0

K-means computes cluster centroids differently for each distance metric. I don't know why the way of computing the centroid is dependent of the distance measure.

I don't know how we compute the centroid for manhattan distance and its difference with the computing the centroid for euclidean distance?

curiosus
  • 303
  • This question is dubious because you don't say if you mean the distance between data poinrs or the distance between a point and a centroid. Please read a related post https://stats.stackexchange.com/q/81481/3277 – ttnphns Nov 14 '21 at 19:12

2 Answers2

3

K-means does not work with arbitrary distances, and was originally only formulated with squared errors.

It is for squared Euclidean distance and Bergman divergences.

K-means does not minimize Euclidean distances! It will run, and find an okayish (not obviously wrong) solution; but not even a local optimum. So the simple answer is: don't rely on k-means for other distances. It so not something you can easily fix.

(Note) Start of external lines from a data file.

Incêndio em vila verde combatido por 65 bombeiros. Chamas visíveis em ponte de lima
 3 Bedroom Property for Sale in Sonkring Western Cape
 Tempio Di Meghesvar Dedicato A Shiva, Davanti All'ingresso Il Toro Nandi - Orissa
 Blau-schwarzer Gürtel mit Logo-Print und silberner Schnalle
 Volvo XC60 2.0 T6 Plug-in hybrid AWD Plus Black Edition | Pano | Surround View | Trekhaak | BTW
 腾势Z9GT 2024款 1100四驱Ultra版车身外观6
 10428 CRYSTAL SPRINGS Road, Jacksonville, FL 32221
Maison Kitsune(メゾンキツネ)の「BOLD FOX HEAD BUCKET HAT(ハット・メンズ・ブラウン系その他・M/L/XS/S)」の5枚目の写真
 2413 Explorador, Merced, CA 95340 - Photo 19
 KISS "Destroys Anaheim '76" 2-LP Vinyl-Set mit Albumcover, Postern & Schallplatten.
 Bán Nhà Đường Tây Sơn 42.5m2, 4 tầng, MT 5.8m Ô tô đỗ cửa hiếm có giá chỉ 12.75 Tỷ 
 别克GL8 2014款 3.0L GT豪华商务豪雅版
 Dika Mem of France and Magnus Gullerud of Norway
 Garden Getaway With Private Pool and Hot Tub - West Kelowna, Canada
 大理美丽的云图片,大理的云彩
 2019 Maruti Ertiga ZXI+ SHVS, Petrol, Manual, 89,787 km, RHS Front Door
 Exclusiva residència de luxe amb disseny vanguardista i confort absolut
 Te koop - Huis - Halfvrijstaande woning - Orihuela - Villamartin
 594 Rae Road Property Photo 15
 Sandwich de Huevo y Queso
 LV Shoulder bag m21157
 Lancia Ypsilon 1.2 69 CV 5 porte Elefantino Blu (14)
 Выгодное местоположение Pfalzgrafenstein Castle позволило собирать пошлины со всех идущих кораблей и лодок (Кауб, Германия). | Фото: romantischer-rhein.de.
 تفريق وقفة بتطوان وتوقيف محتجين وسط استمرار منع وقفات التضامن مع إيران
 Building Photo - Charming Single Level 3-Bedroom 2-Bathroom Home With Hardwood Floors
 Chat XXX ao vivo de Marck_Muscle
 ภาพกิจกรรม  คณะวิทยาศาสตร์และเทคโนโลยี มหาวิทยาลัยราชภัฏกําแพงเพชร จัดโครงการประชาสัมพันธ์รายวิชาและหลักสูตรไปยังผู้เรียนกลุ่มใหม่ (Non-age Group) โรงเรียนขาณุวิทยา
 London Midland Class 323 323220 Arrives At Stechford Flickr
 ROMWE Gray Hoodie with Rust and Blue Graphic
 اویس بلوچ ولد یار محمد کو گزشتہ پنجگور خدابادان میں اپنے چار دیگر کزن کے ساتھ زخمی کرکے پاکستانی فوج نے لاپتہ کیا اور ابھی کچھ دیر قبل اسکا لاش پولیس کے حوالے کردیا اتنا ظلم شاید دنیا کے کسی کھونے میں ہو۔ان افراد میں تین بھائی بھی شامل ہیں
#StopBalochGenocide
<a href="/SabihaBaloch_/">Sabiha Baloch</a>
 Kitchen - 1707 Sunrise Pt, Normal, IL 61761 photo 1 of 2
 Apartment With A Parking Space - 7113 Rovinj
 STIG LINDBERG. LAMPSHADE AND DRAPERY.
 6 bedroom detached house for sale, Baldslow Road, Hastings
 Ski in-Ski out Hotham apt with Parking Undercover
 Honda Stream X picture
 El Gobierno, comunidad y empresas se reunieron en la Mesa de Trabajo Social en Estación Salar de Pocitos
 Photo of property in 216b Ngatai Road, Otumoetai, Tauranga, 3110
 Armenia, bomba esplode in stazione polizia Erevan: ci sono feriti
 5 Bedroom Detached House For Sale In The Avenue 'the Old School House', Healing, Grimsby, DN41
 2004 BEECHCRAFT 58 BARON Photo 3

  • You have an example here http://www.ece.northwestern.edu/local-apps/matlabhelp/toolbox/stats/kmeans.html. It says that kmeans computes centroid clusters differently for the different supported distance measures and it lists the way of computation centroid or center for each distance measure. – curiosus Oct 24 '18 at 08:32
  • 1
    Well, is not kmeans but a method known as kmedians if you use the component wise median. And that doesn't just work with some of the fast algorithms for kmeans. – Has QUIT--Anony-Mousse Oct 24 '18 at 20:39
  • 1
    For Euclidean distance, you "just" need to solve the Weber problem – Has QUIT--Anony-Mousse Oct 24 '18 at 20:40
  • Can you explain more in details the relation between weber problem and k-means and in what that answers the question about why the way of center computation is dependent to the distance measure? – curiosus Oct 24 '18 at 20:47
  • 1
    The Weber problem is the difficult problem of finding the most central point for Euclidean distance. That would be what you would need to use instead of the mean if you want to minimize Euclidean distances, essentially a k-weberpoint clustering. – Has QUIT--Anony-Mousse Oct 25 '18 at 01:18
0

@curiosus you are right, according to the definition of Kmeans for the Euclidean distance, the centroid whose coordinates are the average of the coordinates of the points of a cluster are simply a local minimum of the inertia, that is the value for which the derivatives of inertia with respect to the centroid are zero. The global minimum is another story.